Version-Release number of selected component (if applicable):
Issue exist in RHCS 5, RHCS 6 and RHCS 7

How reproducible:
Always 

Steps to Reproduce:
1.Deploy ceph and create pools and image
2.Run some image with huge IO and some with less IO
3.Notice the time taken to execute the rbd du command both the images

Actual results:
irrespective of the image size command rbd du takes quite long to provide disk usage

Expected results:
The performance of fast-diff can be improved

Additional info:
https://tracker.ceph.com/issues/63341
https://gitlab.com/qemu-project/qemu/-/issues/1026

--- Additional comment from Ilya Dryomov on 2024-01-24 02:47:07 IST ---

Pushed to ceph-7.1-rhel-patches.

--- Additional comment from errata-xmlrpc on 2024-01-24 09:36:00 IST ---

Bug report changed to ON_QA status by Errata System.
A QE request has been submitted for advisory RHBA-2024:126567-01
https://errata.engineering.redhat.com/advisory/126567

--- Additional comment from errata-xmlrpc on 2024-01-24 09:36:07 IST ---

This bug has been added to advisory RHBA-2024:126567 by Thomas Serlin (tserlin)

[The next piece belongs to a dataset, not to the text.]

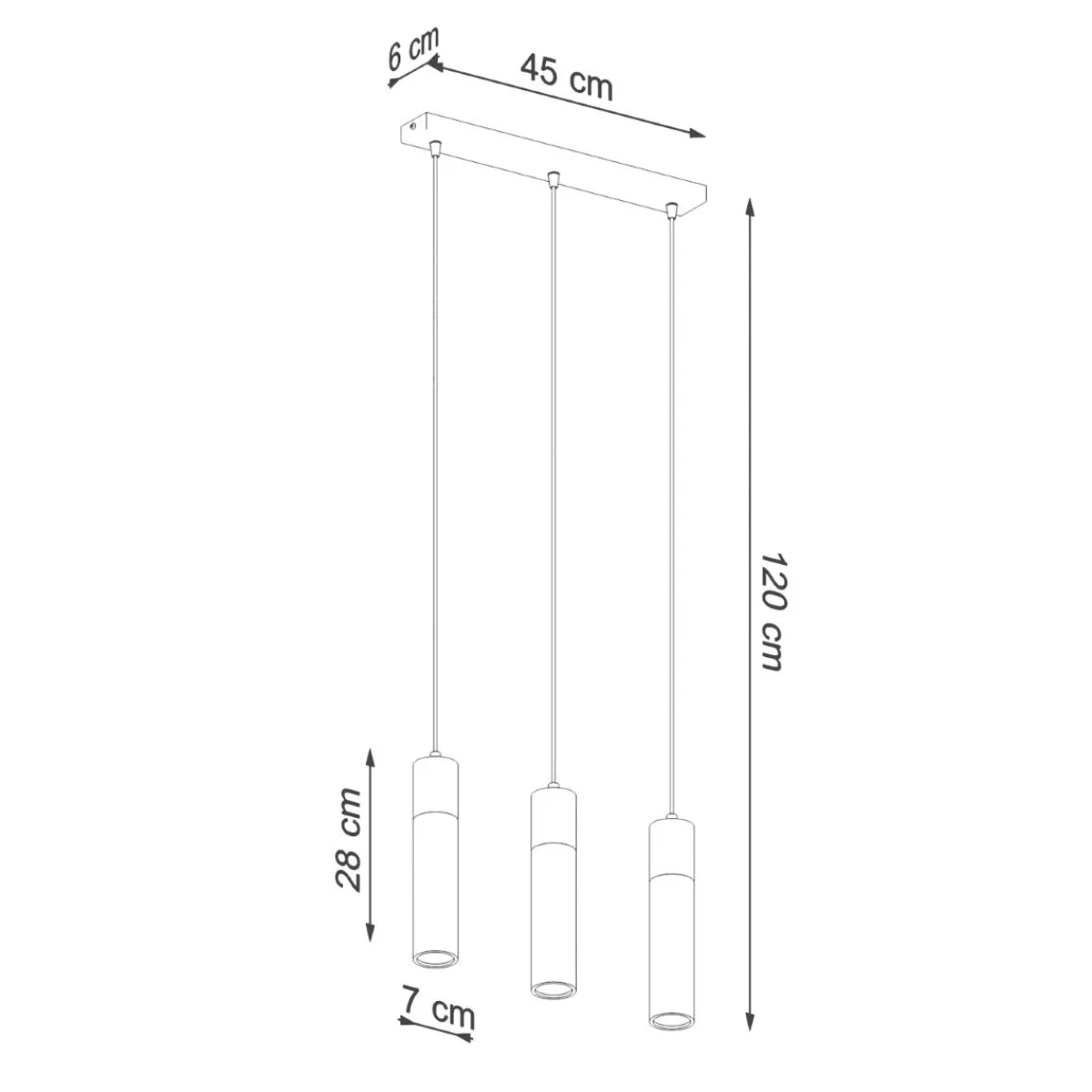 Clearance MyMobel Sollux Lámpara colgante ZANE 3 gris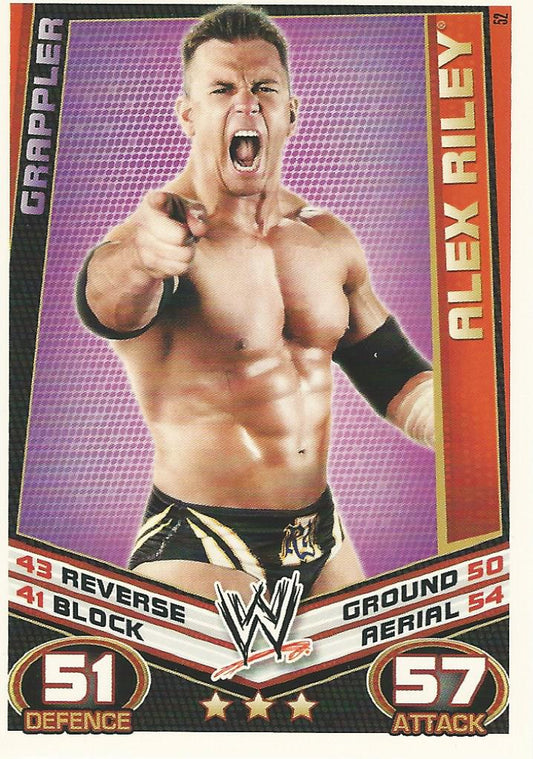 WWE Topps Slam Attax Rebellion 2012 Alex Riley #52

--- Additional comment from Sunil Angadi on 2024-02-05 20:04:14 IST ---

QEMU used qemu-kvm-8.0.0-16.el9_3.3

[root@ceph-linus-zc4fdq-node4 ~]# cat rbdbackup_with_lock.sh 
#!/bin/bash
rbd create emptytestA --size $2 
rbd create emptytestB --size $2
$1 \
    -qmp stdio \
    -drive file=rbd:rbd/emptytestA:conf=/etc/ceph/ceph.conf:id=admin:keyring=/etc/ceph/ceph.client.admin.keyring,if=none,id=driveA,format=raw \
    -drive file=rbd:rbd/emptytestB:conf=/etc/ceph/ceph.conf:id=admin:keyring=/etc/ceph/ceph.client.admin.keyring,if=none,id=driveB,format=raw \
<<EOF
{"execute": "qmp_capabilities"}
{"execute": "blockdev-backup",
     "arguments": { "device": "driveA",
                    "sync": "full",
                    "target": "driveB" } }
EOF
rbd rm emptytestA
rbd rm emptytestB 



Test results of Fixed ceph version with exclusive lock available:
script used (rbdbackup_with_lock.sh)
---- 
100G  0.1s
200G  2.1s
500G  4.7s
1000G 9.12s
5000G 50s
50000G 461s

Other than fixed build with exclusive lock available:
---
10G 1.14s
100G 30s
200G 95.4s
500G 521s


[root@ceph-linus-zc4fdq-node4 ~]# cat rbdbackup_without_lock.sh 
#!/bin/bash
rbd create emptytestA --size $2
sudo rbd device map -o exclusive emptytestA 
rbd create emptytestB --size $2
$1 \
    -qmp stdio \
    -drive file=rbd:rbd/emptytestA:conf=/etc/ceph/ceph.conf:id=admin:keyring=/etc/ceph/ceph.client.admin.keyring,if=none,id=driveA,format=raw \
    -drive file=rbd:rbd/emptytestB:conf=/etc/ceph/ceph.conf:id=admin:keyring=/etc/ceph/ceph.client.admin.keyring,if=none,id=driveB,format=raw \
<<EOF
{"execute": "qmp_capabilities"}
{"execute": "blockdev-backup",
     "arguments": { "device": "driveA",
                    "sync": "full",
                    "target": "driveB" } }
EOF
sudo rbd device unmap emptytestA
rbd rm emptytestA
rbd rm emptytestB

Test results of Fixed ceph version with exclusive lock un-available:
script used (rbdbackup_without_lock.sh)
---
100G  6.6s
200G  15.3s
500G  45.8s
1000G 114s
5000G 966s

Other than fixed build with exclusive lock un-available:
---
10G 0.84s
100G 27s
200G 101s
500G 530s

sanity test also got passed
tier-1: http://magna002.ceph.redhat.com/cephci-jenkins/cephci-run-FA8XDE/
teir-2: http://magna002.ceph.redhat.com/cephci-jenkins/cephci-run-U04G0U/

Verified using
ceph version 18.2.1-10.el9cp (ccf42acecc9e7ec19c8994e4d2ca0180b612ad1e) reef (stable)